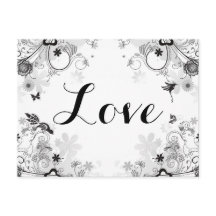 Söt Blomsterträdgård ~ Fåglar och fjärilar Kärlek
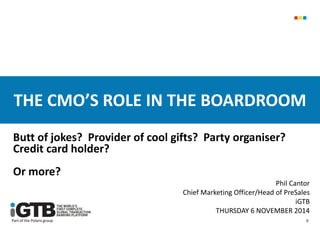 THE CMO’S ROLE IN THE BOARDROOM 
0 
Butt of jokes? Provider of cool gifts? Party organiser? 
Credit card holder? 
Or more? 
Phil Cantor 
Chief Marketing Officer/Head of PreSales 
iGTB 
THURSDAY 6 NOVEMBER 2014 
Part of the Polaris group 
 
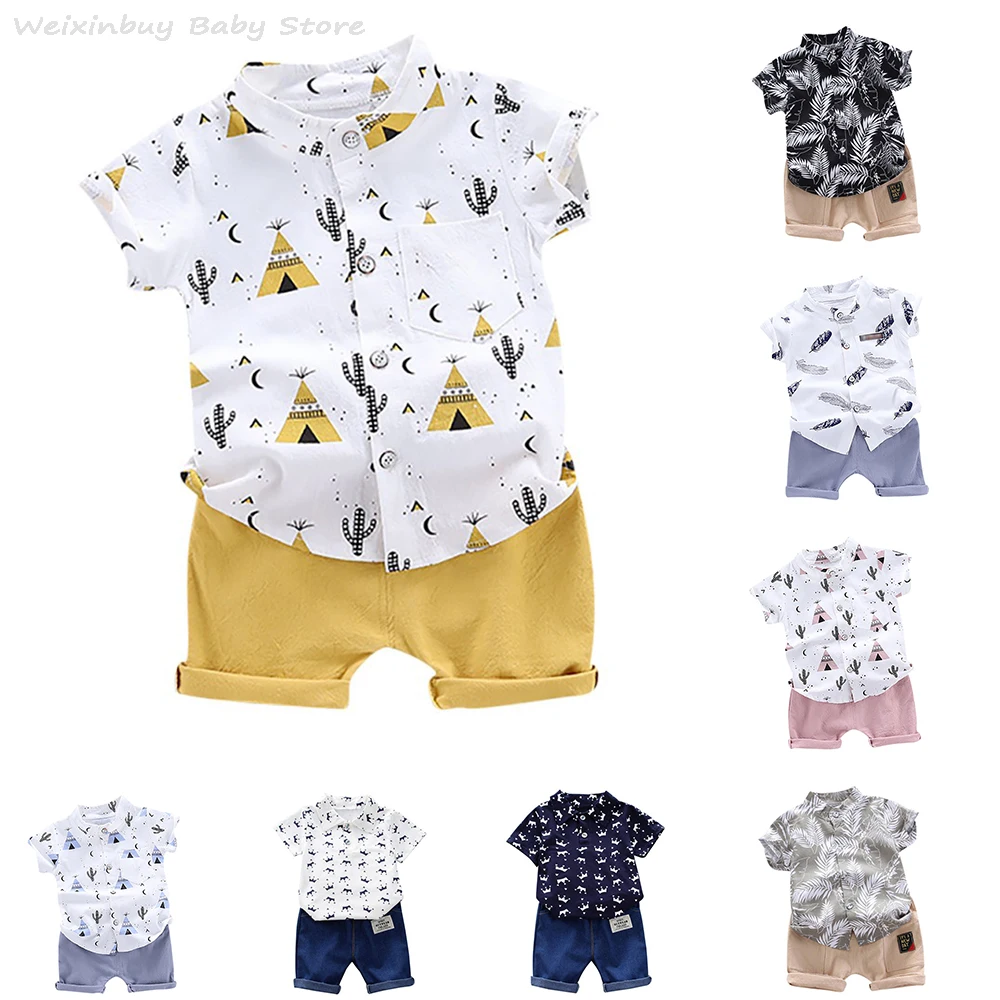 Summer Baby Boy Clothes Sets Fashion Leaves Pattern T-shirt Short Sleeve Cartoon Blouse+Shorts Kids Outfits Children Tracksuit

DESCRIPTION OF THE TASK — Drop the pictures and reproduce the rest of the data exactly.

EXERCISE ANSWER —
 Söt Blomsterträdgård ~ Fåglar och fjärilar Kärlek
 THE CMO’S ROLE IN THE BOARDROOM 
0 
Butt of jokes? Provider of cool gifts? Party organiser? 
Credit card holder? 
Or more? 
Phil Cantor 
Chief Marketing Officer/Head of PreSales 
iGTB 
THURSDAY 6 NOVEMBER 2014 
Part of the Polaris group 
 
 Summer Baby Boy Clothes Sets Fashion Leaves Pattern T-shirt Short Sleeve Cartoon Blouse+Shorts Kids Outfits Children Tracksuit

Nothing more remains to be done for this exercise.